Caption-style text data:
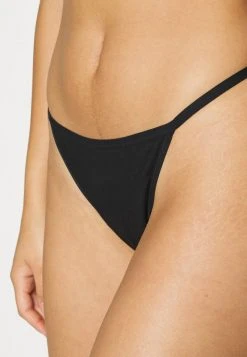 ofertas 🎉 Anna Field CODY 10PP COTTON THONG - Tanga - Black, Mujer 🧨 11 ofertas 🎉 Anna Field CODY 10PP COTTON THONG - Tanga - Black, Mujer 🧨 -Tienda barata Anna Field a1c8c652dd3d4968bfd8a6a3b2422265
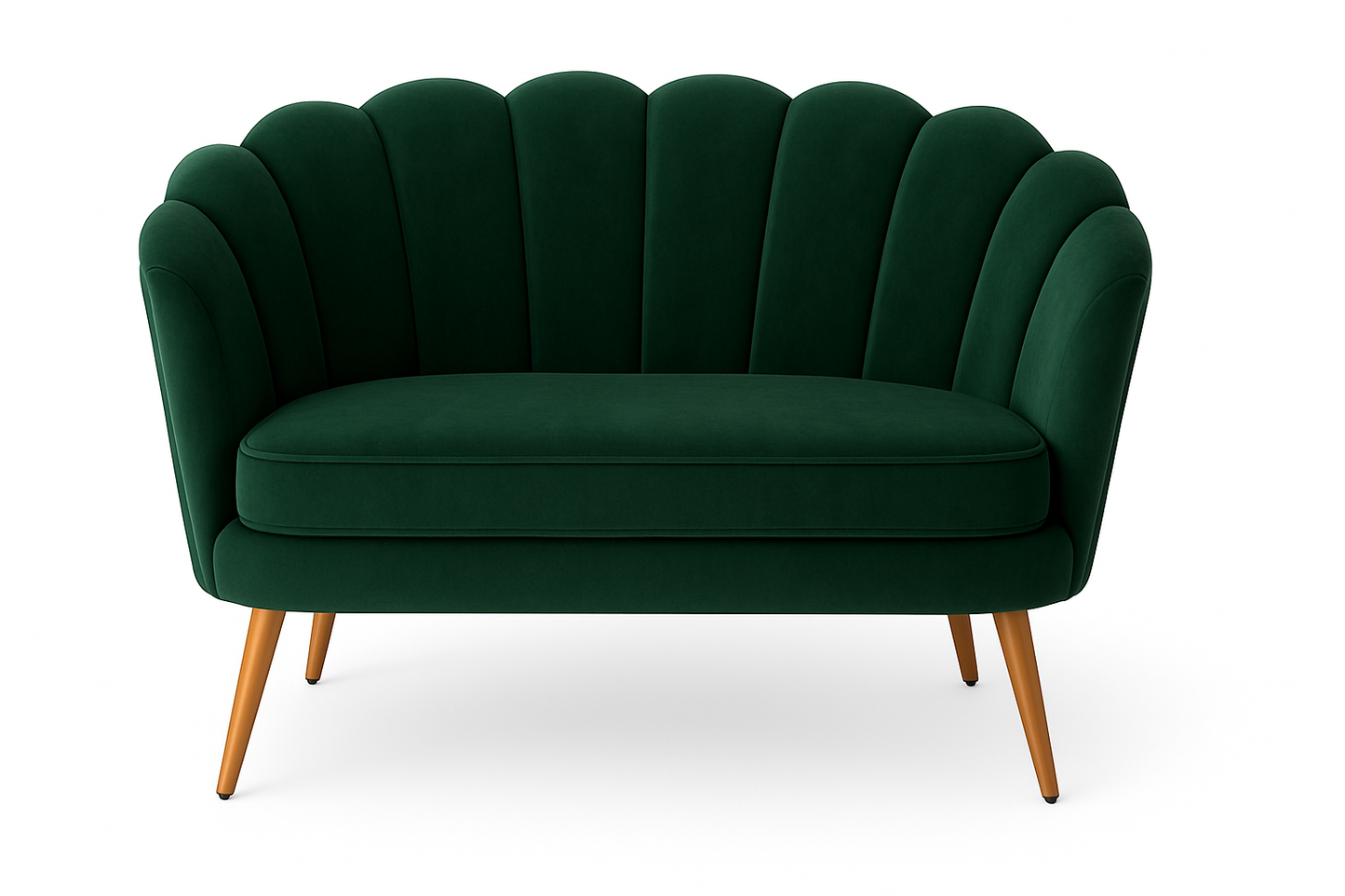 NUEVO MODELO 👉🏻 Sillón de dos cuerpos Florencia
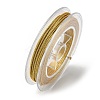 Polyester Metallic Thread OCOR-D301-15-2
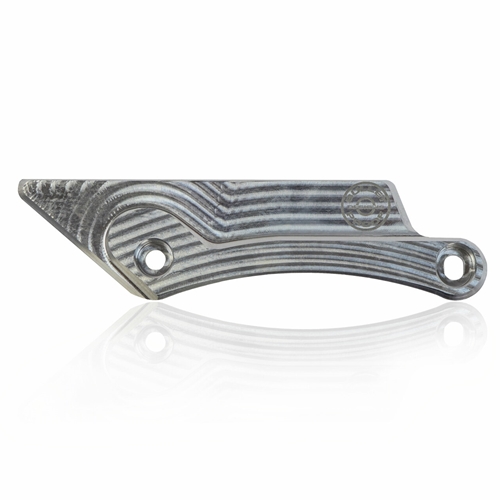Bullet Proof Designs Swingarm Guard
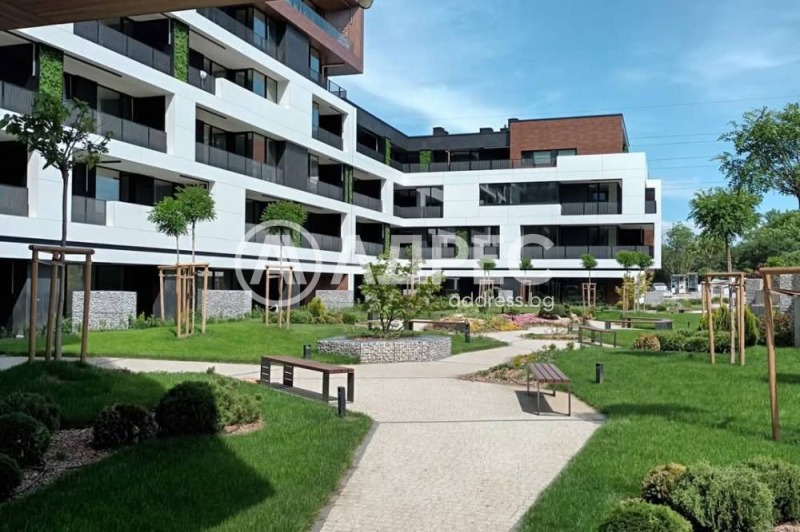 Продава МНОГОСТАЕН, гр. София, Кръстова вада, снимка 13 - Апартаменти - 53267778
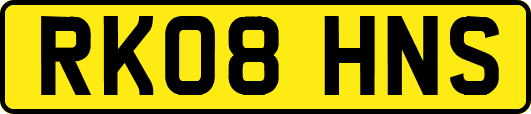 RK08HNS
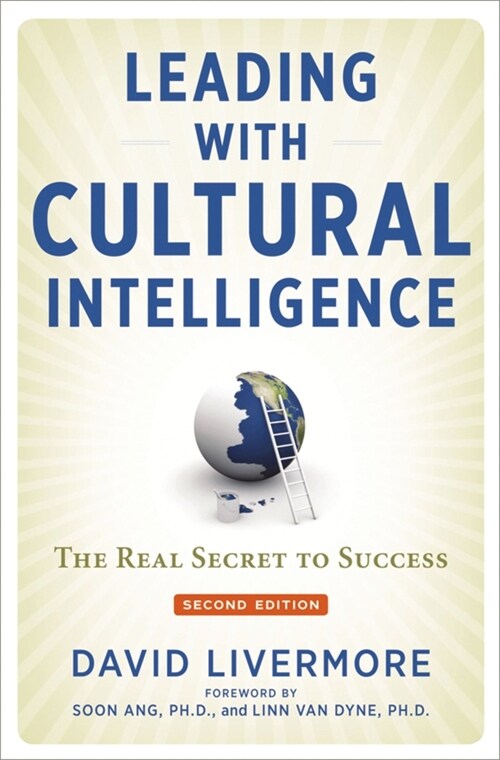 Leading with Cultural Intelligence: The Real Secret to Success (Paperback)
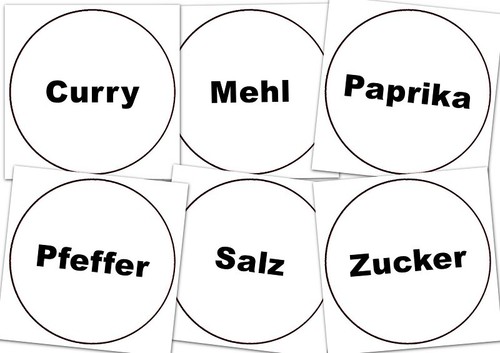 Aufkleber etikett - 12,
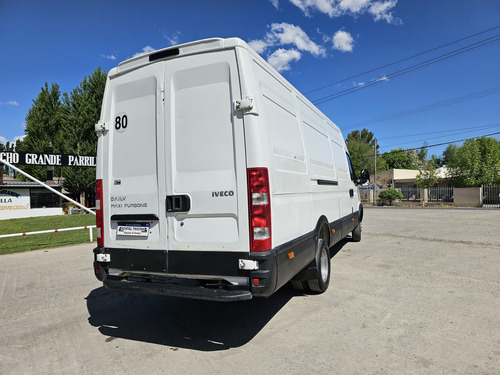 Iveco Daily 55C17 3950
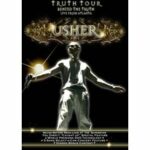 Usher - Truth Tour - Disc 1 (DVD)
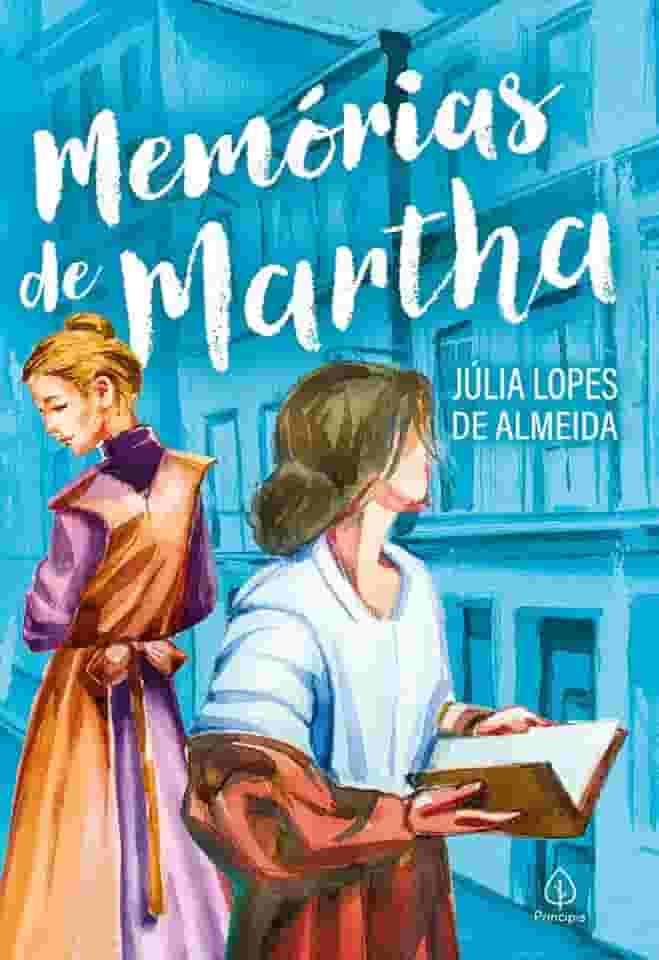 Memórias de Martha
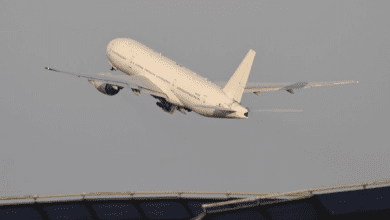 मास्को से प्योंगयांग के लिए सीधी उड़ान सेवा शुरू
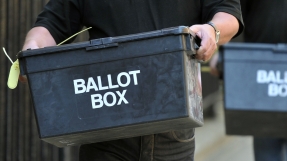 Six ways not to vote on May 7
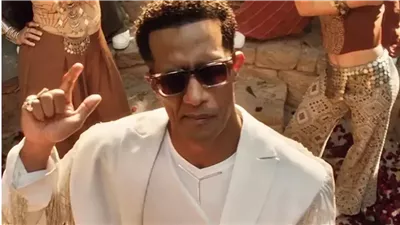 أخبار الفن اليوم: أسرة السادات تفتح النار على محمد رمضان.. تيسير فهمي تكشف تطورات حالتها الصحية.. وخالد يوسف يعلق على أزمة سرقة مجوهرات زوجته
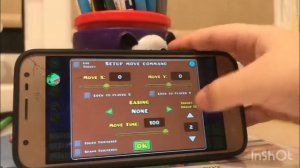 [туториал] КАК СДЕЛАТЬ БОССА В GEOMETRY DASH?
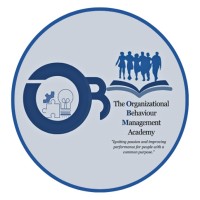 The Organizational Behaviour Management Academy Corporation logo - Similar company to Obm Dynamics B.V.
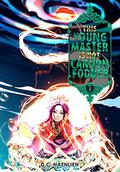 This Young Master is not Cannon Fodder: Volume 1 by D.C. Haenlien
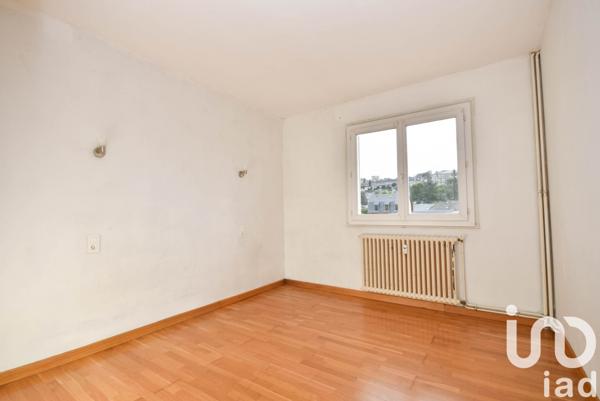 Appartement à vendre 3 pièces 69 m² Rodez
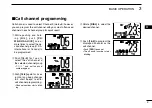 Preview for 15 page of Icom IC-M504 Instruction Manual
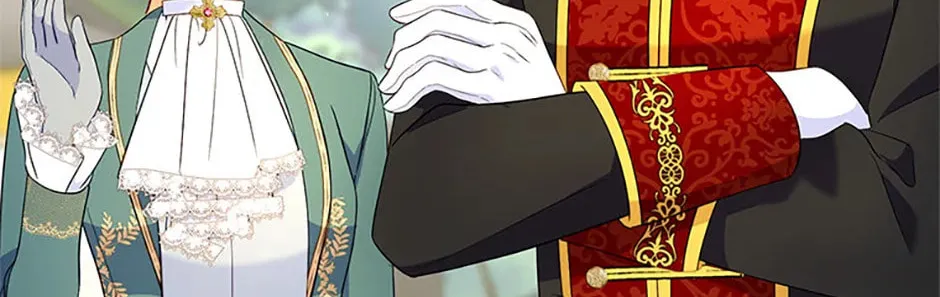 My Warmonger Husband Chapter 91 page 128 - 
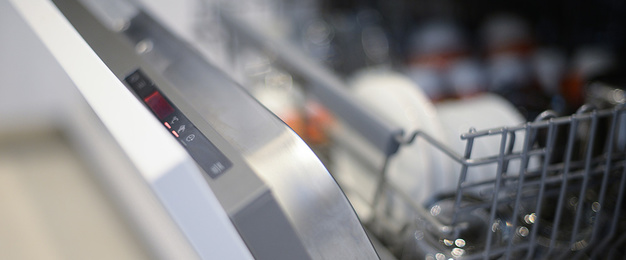Geschirrspül­maschinen bei Elektrotechnik Kastner GmbH & Co. KG in Westendorf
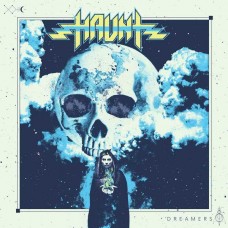 HAUNT-DREAMERS (CD)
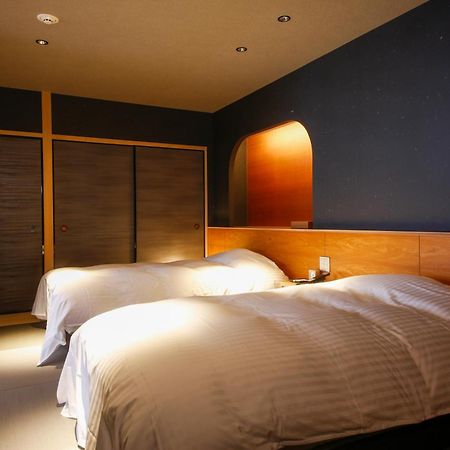 Hotel Honnoji Kyoto Buitenkant foto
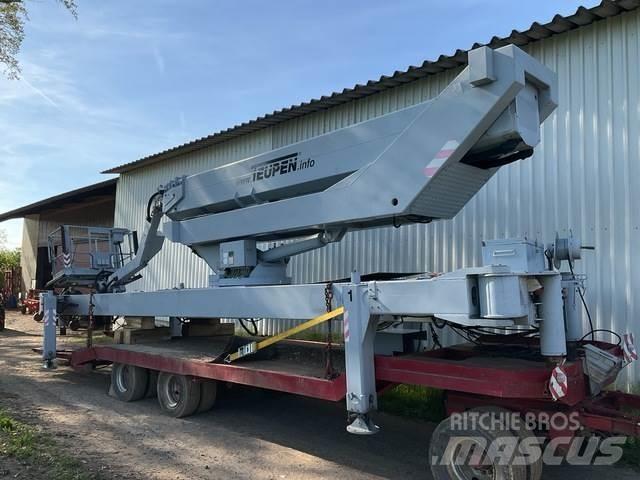 Teupen LB07 Construção - Outros

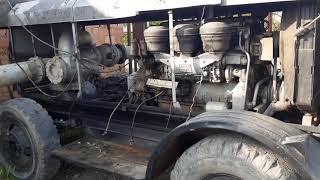 Satilir Su Nasosu 1 Saada 500 Ton Su Vurur Tel 0506105152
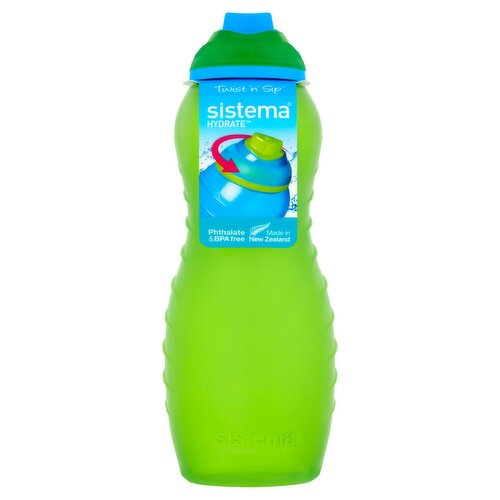 Sistema Drinks Bottle (1 Piece)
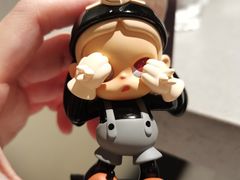 -泡泡玛特POPMART(黄岛新城吾悦店)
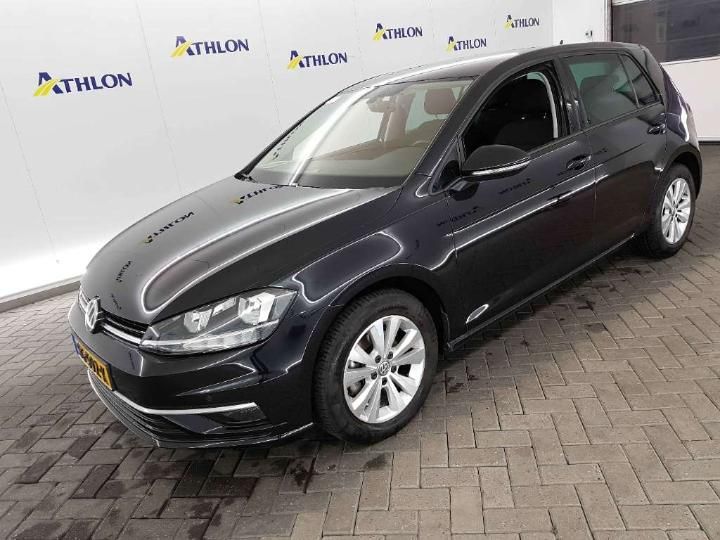 volkswagen golf 2018 wvwzzzauzjw216697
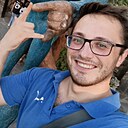 Знакомства: Роман, 26 лет, Томск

Description of the task: Exactly the lines from the top of the entries through the line with "Leading with Cultural", inclusive, must be given again, with every picture omitted.

Your solution:
 ofertas 🎉 Anna Field CODY 10PP COTTON THONG - Tanga - Black, Mujer 🧨 11 ofertas 🎉 Anna Field CODY 10PP COTTON THONG - Tanga - Black, Mujer 🧨 -Tienda barata Anna Field a1c8c652dd3d4968bfd8a6a3b2422265
 NUEVO MODELO 👉🏻 Sillón de dos cuerpos Florencia
 Polyester Metallic Thread OCOR-D301-15-2
Bullet Proof Designs Swingarm Guard
 Продава МНОГОСТАЕН, гр. София, Кръстова вада, снимка 13 - Апартаменти - 53267778
 RK08HNS
 Leading with Cultural Intelligence: The Real Secret to Success (Paperback)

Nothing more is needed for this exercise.